There's also the 19" length which I did not link. Back then they were $25 each and I was aghast at the price. Now they are commanding $36 each. Previously I'd use the cheapest, but found quality & longevity to be wanting. I don't miss having to change wiper blades every year or so, I'm sticking w/ PIAA silicone wipers. I do recall they were a royal PIA to install.


----------



## Ichizangetsu (Aug 26, 2018)

AutoGuide said:


> When it comes to upgrades for your vehicle, windshield wipers are not exactly what we’d call exciting. But anybody who’s ever been driving with a set of streaky wipers knows how frustrating that can be. So we are here to ask the experts at VWVortex.com what are the best Volkswagen windshield wipers?
> 
> Whether you live in the southeast where regular, extreme rainfall is a normal occurrence or if you live up north and deal with freezing rain and snow, we want to hear from you.
> 
> ...


I use Bosch pure vision wiper blades


----------



## bigkahuna400 (Dec 29, 2021)

I used Michelin and they are great.


----------



## BRK DEEP (8 mo ago)

AutoGuide said:


> When it comes to upgrades for your vehicle, windshield wipers are not exactly what we’d call exciting. But anybody who’s ever been driving with a set of streaky wipers knows how frustrating that can be. So we are here to ask the experts at VWVortex.com what are the best Volkswagen windshield wipers?
> 
> Whether you live in the southeast where regular, extreme rainfall is a normal occurrence or if you live up north and deal with freezing rain and snow, we want to hear from you.
> 
> ...


Rick, I've found the PIAA wiper one of the best on the market! They are not cheap but last 4-5 yrs. Another nice feature is that they're reversible!


----------



## TripodCane (11 mo ago)

AutoGuide said:


> When it comes to upgrades for your vehicle, windshield wipers are not exactly what we’d call exciting. But anybody who’s ever been driving with a set of streaky wipers knows how frustrating that can be.
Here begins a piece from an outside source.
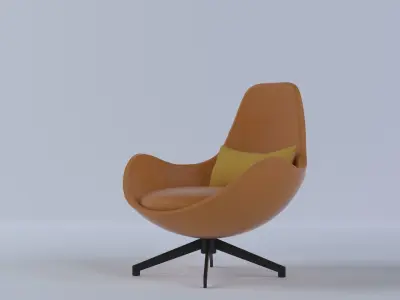 Orange chair  3D model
So we are here to ask the experts at VWVortex.com what are the best Volkswagen windshield wipers?
> 
> Whether you live in the southeast where regular, extreme rainfall is a normal occurrence or if you live up north and deal with freezing rain and snow, we want to hear from you.
> 
> ...


I have used Bosch Aerotwin blades for years, $32.00 Amazon. The ones on the car now are over a year old. No streaking, no squeaking, nearly silent.


----------



## localsocal (Jul 17, 2019)

Brachial Plexus said:


> I purchased these from Amazon in Aug 2019 (three year anniversary in August!) and in conjunction w/ Rain-X, they are still performing flawlessly.
> *PIAA 97060 24-Inch (600mm) Si-Tech Silicone Wiper Blade, Premium All-Season OEM Windshield Wiper Replacement*
> There's also the 19" length which I did not link. Back then they were $25 each and I was aghast at the price. Now they are commanding $36 each. Previously I'd use the cheapest, but found quality & longevity to be wanting. I don't miss having to change wiper blades every year or so, I'm sticking w/ PIAA silicone wipers. * I do recall they were a royal PIA to install.*


Because of the wiper blade design???


----------



## jbrandon (Feb 15, 2003)

AutoGuide said:


> When it comes to upgrades for your vehicle, windshield wipers are not exactly what we’d call exciting. But anybody who’s ever been driving with a set of streaky wipers knows how frustrating that can be. So we are here to ask the experts at VWVortex.com what are the best Volkswagen windshield wipers?
> 
> Whether you live in the southeast where regular, extreme rainfall is a normal occurrence or if you live up north and deal with freezing rain and snow, we want to hear from you.
> 
> ...


The stock wipers work good for like a month. Then it’s an arm and a leg for it. I just replaced mine with RAIN-X ones they work great I post a picture of the case cause there are many RAIN-X brands out there. But you basically will get an upgraded version of the stock. The only bad thing is that the rear wiper can only get from dealer. I tried everywhere before going to get one. It was only $15. 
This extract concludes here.